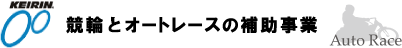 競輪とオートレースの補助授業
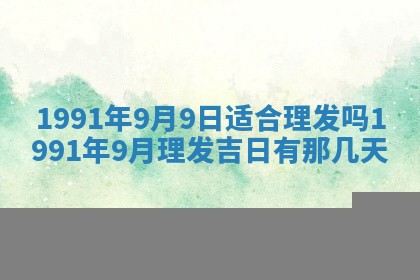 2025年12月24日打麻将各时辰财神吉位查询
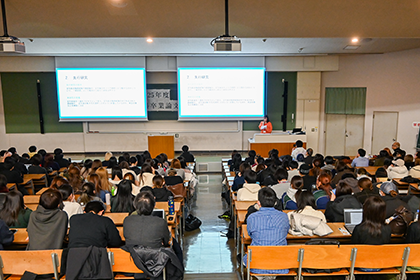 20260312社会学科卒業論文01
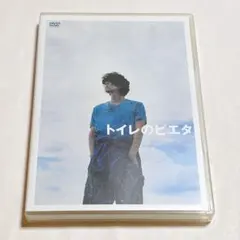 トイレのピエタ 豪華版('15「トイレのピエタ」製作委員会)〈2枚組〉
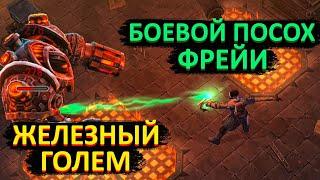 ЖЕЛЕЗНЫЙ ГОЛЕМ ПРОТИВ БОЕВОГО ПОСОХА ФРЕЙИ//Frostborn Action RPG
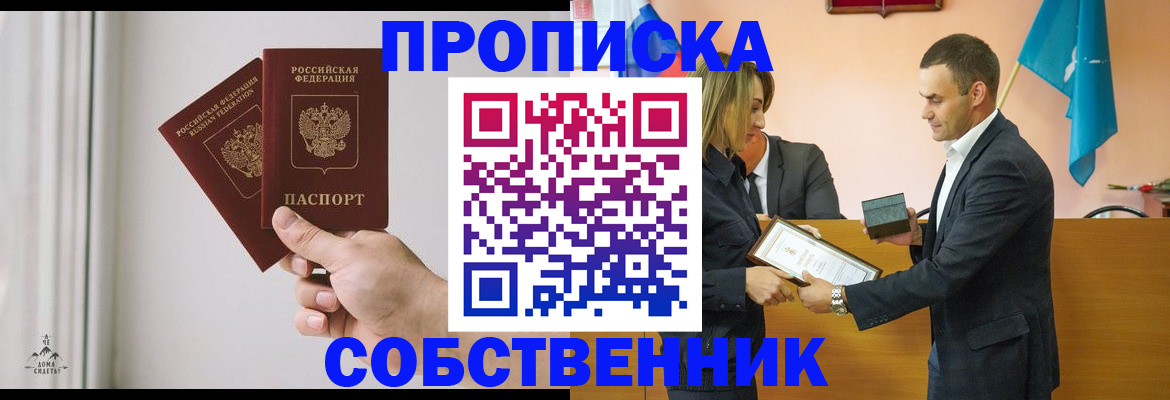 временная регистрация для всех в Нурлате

════════════════

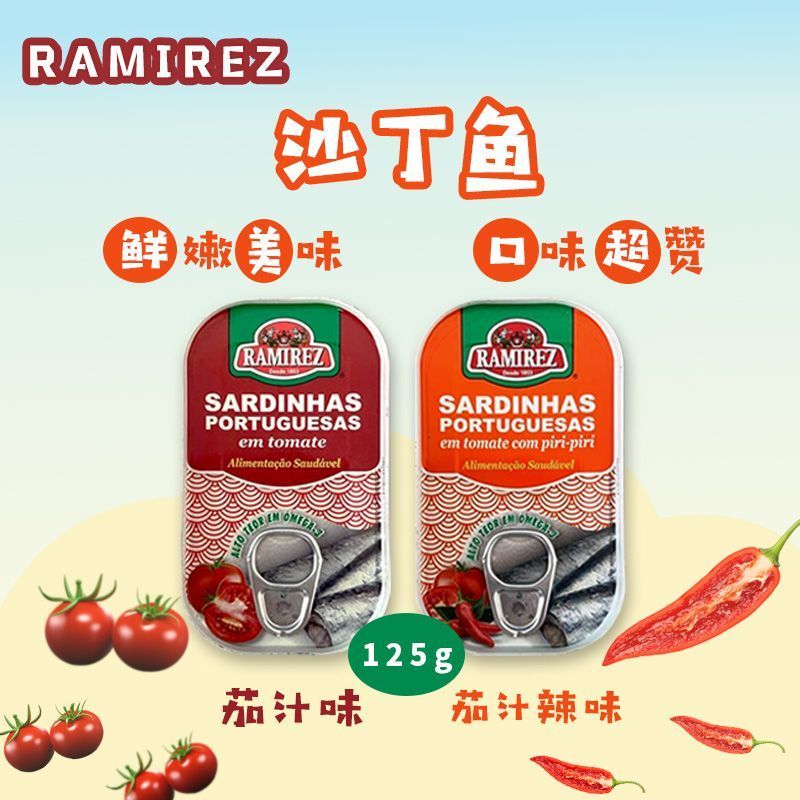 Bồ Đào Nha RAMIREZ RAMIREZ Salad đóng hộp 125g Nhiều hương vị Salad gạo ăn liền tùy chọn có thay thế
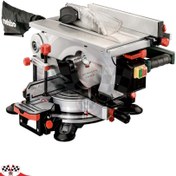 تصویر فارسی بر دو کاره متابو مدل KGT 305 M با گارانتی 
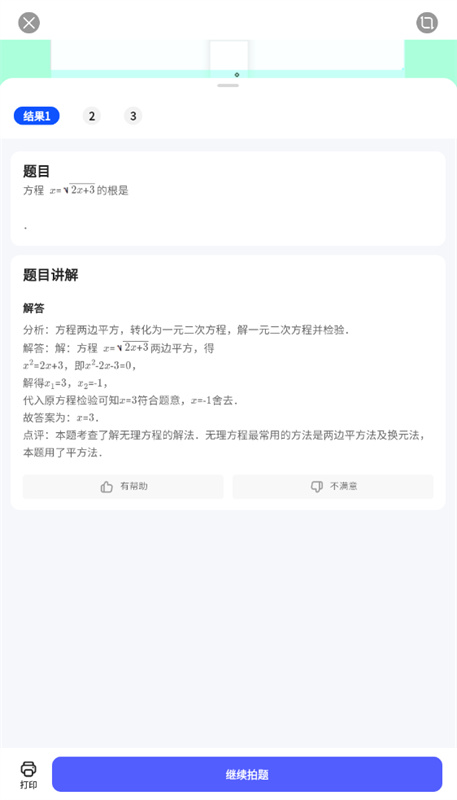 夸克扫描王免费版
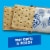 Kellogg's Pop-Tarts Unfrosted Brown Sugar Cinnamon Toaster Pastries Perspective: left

════════════════

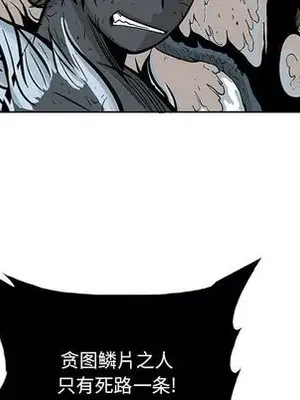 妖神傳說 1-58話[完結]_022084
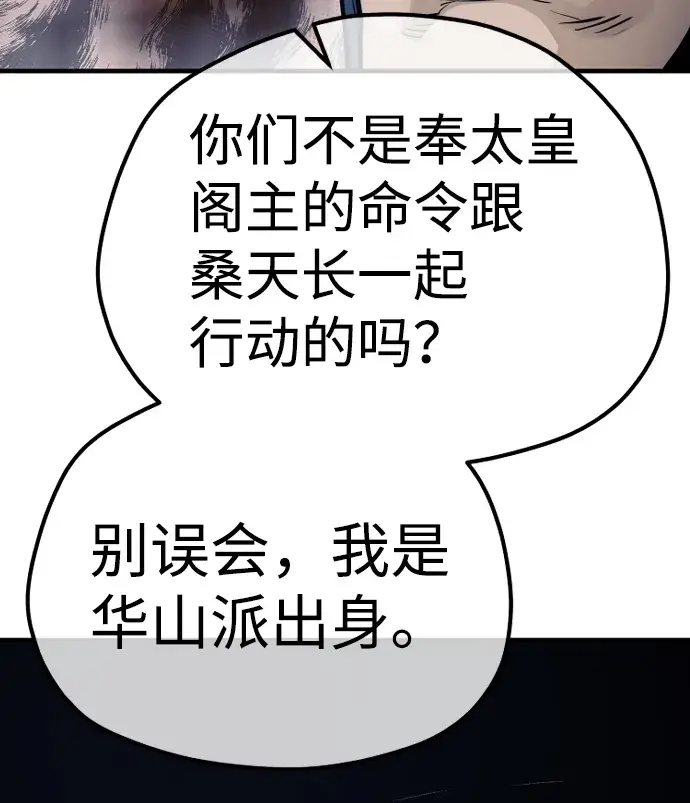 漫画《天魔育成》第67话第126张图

════════════════

▸ **DIRECTIONS FOR THIS TASK**: Pictures are to be left out. Write out only the lines above starting at the one with "競輪とオートレースの補助授業" and ending at the one with "временная регистрация для всех в Нурлате", both lines included, exactly.

▸ **OUTPUT BELOW**:
 競輪とオートレースの補助授業
 2025年12月24日打麻将各时辰财神吉位查询
 20260312社会学科卒業論文01
 トイレのピエタ 豪華版('15「トイレのピエタ」製作委員会)〈2枚組〉
 ЖЕЛЕЗНЫЙ ГОЛЕМ ПРОТИВ БОЕВОГО ПОСОХА ФРЕЙИ//Frostborn Action RPG
 временная регистрация для всех в Нурлате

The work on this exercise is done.